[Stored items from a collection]
┌──

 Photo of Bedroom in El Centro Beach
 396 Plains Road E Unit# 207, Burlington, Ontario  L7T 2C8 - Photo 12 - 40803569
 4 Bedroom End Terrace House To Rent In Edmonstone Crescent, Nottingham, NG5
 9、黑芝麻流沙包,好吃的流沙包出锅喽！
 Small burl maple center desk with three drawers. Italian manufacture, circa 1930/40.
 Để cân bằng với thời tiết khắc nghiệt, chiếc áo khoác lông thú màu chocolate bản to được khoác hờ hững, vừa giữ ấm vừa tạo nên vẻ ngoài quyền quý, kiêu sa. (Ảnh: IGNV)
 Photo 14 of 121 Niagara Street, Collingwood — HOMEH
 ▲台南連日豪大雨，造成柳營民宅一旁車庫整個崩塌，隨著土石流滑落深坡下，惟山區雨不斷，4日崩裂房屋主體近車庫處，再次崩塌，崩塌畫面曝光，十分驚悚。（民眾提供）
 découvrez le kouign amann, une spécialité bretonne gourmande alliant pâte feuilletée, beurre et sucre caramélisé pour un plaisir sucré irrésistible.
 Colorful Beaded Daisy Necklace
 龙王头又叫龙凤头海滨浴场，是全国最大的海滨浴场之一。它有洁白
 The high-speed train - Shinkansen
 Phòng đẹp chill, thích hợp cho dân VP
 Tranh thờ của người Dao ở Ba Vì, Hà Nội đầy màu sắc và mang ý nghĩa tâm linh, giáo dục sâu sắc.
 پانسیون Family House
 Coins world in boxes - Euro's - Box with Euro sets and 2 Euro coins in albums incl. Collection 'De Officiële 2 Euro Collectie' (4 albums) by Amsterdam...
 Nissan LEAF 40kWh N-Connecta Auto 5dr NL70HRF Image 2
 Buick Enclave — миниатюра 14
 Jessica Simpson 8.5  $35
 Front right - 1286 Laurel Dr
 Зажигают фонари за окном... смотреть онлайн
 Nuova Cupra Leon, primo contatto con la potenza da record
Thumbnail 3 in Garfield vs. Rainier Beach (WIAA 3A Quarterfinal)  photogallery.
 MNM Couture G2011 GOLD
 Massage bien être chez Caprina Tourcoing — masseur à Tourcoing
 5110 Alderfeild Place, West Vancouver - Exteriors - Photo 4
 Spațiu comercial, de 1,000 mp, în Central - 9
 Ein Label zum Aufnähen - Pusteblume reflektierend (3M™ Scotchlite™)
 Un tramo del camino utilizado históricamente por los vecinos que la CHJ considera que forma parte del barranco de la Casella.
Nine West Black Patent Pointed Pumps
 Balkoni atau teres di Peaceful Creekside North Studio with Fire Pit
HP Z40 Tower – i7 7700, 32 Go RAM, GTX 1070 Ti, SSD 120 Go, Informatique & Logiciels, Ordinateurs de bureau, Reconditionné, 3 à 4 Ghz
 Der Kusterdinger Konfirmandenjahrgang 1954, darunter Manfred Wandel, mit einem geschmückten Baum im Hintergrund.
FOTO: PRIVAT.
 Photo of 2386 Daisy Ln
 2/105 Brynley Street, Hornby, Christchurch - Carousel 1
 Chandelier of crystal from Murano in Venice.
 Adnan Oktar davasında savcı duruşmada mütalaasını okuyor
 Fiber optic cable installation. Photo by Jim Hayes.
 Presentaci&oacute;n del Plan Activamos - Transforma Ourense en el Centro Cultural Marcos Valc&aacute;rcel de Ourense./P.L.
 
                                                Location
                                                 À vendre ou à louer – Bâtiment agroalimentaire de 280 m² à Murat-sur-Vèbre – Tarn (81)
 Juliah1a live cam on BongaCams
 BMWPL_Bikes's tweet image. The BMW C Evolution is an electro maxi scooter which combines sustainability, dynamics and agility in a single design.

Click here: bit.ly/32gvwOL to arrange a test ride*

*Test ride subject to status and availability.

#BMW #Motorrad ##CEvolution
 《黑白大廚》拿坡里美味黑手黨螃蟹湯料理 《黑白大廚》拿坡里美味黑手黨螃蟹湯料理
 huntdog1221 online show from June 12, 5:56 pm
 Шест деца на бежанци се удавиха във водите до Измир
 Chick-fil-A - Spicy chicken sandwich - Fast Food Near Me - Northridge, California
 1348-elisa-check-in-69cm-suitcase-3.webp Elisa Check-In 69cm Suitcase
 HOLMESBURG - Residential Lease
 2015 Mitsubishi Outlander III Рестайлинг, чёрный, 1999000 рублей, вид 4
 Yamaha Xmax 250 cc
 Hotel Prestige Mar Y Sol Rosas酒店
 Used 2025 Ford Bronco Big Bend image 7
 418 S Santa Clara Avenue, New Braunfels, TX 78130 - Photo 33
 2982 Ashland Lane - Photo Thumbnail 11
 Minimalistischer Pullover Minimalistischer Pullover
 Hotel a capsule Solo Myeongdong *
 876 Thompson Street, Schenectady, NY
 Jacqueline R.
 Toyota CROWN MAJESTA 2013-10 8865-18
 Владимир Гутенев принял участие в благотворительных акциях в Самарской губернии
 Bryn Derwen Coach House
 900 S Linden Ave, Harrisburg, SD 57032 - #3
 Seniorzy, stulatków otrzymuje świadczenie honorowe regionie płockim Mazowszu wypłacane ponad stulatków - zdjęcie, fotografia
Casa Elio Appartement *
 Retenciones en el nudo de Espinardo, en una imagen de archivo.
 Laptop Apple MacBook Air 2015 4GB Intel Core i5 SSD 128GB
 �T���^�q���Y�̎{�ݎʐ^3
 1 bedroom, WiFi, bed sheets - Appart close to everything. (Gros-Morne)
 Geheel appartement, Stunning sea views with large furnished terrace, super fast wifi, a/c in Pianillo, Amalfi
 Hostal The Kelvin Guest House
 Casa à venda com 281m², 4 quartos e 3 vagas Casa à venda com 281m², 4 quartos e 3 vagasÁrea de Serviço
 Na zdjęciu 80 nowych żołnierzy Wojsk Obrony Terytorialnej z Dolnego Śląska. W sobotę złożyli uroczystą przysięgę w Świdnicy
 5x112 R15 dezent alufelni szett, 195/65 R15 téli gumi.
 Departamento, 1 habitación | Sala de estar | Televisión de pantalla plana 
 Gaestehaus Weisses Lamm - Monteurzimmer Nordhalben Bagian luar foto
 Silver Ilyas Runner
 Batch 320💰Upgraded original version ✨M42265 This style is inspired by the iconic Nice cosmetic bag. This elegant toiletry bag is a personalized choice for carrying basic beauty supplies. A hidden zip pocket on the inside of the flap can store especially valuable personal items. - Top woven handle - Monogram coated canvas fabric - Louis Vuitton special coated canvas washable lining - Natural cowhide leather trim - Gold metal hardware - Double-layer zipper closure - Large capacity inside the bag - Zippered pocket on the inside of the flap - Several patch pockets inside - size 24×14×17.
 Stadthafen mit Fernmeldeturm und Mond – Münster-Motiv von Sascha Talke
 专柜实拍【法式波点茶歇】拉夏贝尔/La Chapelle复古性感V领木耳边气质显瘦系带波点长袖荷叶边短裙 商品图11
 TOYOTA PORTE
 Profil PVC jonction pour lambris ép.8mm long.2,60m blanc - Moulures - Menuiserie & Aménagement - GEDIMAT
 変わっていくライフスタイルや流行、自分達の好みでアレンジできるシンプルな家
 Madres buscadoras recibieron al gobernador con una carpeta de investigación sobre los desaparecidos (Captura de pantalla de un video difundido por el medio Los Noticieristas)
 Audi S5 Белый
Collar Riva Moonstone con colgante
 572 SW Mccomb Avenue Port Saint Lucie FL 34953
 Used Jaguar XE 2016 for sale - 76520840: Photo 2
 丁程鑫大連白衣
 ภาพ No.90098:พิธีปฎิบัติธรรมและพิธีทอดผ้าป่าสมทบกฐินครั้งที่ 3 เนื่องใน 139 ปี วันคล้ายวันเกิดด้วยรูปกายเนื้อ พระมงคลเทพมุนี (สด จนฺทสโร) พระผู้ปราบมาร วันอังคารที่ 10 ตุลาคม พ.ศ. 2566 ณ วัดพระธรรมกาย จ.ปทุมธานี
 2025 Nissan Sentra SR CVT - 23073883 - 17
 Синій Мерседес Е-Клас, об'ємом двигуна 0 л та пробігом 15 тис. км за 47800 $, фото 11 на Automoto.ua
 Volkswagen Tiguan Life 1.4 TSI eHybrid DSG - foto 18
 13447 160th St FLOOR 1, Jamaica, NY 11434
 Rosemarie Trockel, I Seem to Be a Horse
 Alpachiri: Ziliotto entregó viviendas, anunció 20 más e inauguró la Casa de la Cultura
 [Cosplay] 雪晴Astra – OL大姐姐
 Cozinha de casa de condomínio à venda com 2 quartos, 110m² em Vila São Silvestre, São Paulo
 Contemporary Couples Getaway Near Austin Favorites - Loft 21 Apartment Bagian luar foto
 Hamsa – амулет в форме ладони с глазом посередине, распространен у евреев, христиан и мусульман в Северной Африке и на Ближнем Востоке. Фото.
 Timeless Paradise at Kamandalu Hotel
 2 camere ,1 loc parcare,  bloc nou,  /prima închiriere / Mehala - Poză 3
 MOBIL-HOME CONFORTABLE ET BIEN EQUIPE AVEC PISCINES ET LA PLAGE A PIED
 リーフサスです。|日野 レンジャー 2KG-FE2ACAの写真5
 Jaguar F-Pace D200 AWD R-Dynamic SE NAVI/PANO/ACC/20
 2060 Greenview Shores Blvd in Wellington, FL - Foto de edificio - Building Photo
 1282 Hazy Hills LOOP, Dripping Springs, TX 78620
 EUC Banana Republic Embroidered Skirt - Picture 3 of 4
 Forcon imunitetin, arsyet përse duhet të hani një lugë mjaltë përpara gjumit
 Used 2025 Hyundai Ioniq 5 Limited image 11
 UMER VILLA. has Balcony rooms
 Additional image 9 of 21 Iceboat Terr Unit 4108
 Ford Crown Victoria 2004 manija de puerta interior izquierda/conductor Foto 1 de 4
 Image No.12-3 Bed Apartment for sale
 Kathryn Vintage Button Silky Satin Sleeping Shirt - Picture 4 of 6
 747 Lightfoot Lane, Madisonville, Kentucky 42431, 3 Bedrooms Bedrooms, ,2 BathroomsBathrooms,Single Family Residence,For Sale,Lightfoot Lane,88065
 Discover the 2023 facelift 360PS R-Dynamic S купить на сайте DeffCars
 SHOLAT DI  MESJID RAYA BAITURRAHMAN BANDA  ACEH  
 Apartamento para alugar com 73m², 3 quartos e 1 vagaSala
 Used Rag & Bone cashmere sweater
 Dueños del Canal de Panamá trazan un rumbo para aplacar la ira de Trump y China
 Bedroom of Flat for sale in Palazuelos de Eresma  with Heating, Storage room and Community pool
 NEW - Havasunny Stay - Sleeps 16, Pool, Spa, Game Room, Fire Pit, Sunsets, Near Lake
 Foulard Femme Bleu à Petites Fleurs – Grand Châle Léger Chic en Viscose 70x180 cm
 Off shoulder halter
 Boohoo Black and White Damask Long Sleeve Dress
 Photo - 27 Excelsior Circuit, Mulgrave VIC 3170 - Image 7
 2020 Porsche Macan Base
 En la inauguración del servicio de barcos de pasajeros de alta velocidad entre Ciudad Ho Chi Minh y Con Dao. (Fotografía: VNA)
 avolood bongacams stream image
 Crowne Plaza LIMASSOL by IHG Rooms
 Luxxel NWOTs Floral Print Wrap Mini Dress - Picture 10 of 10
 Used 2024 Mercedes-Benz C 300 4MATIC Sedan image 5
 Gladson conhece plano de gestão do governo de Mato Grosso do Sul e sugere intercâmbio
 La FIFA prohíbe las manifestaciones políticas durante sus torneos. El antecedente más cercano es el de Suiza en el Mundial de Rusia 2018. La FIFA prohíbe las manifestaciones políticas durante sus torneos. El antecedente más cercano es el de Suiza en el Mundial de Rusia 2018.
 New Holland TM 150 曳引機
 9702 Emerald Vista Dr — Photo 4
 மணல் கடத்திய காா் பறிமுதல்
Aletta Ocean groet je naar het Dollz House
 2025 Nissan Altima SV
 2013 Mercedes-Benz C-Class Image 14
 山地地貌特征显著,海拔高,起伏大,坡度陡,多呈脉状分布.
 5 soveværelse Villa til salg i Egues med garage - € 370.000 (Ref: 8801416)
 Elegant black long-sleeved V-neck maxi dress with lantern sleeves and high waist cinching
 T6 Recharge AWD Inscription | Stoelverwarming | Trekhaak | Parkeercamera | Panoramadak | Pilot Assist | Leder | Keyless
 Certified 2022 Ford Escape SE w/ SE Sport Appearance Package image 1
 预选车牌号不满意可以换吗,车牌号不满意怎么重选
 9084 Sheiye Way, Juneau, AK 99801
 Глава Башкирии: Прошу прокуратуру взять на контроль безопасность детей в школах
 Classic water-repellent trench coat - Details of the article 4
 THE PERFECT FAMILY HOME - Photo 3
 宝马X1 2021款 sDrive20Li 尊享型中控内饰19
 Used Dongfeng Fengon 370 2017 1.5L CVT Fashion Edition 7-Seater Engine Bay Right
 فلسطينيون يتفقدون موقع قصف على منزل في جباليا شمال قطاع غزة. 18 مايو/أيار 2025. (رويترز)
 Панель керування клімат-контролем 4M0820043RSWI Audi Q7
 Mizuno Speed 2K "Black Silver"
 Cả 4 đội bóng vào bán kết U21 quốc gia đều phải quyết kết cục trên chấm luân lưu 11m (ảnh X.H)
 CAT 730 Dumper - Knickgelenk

└──

→ **TRY IT**
Please, from the entries above, set down exactly the lines from the one containing "Ein Label zum" through the one containing "Balkoni atau teres", and only those.

→ **RESPONSE TO THIS EXERCISE**
 Ein Label zum Aufnähen - Pusteblume reflektierend (3M™ Scotchlite™)
 Un tramo del camino utilizado históricamente por los vecinos que la CHJ considera que forma parte del barranco de la Casella.
Nine West Black Patent Pointed Pumps
 Balkoni atau teres di Peaceful Creekside North Studio with Fire Pit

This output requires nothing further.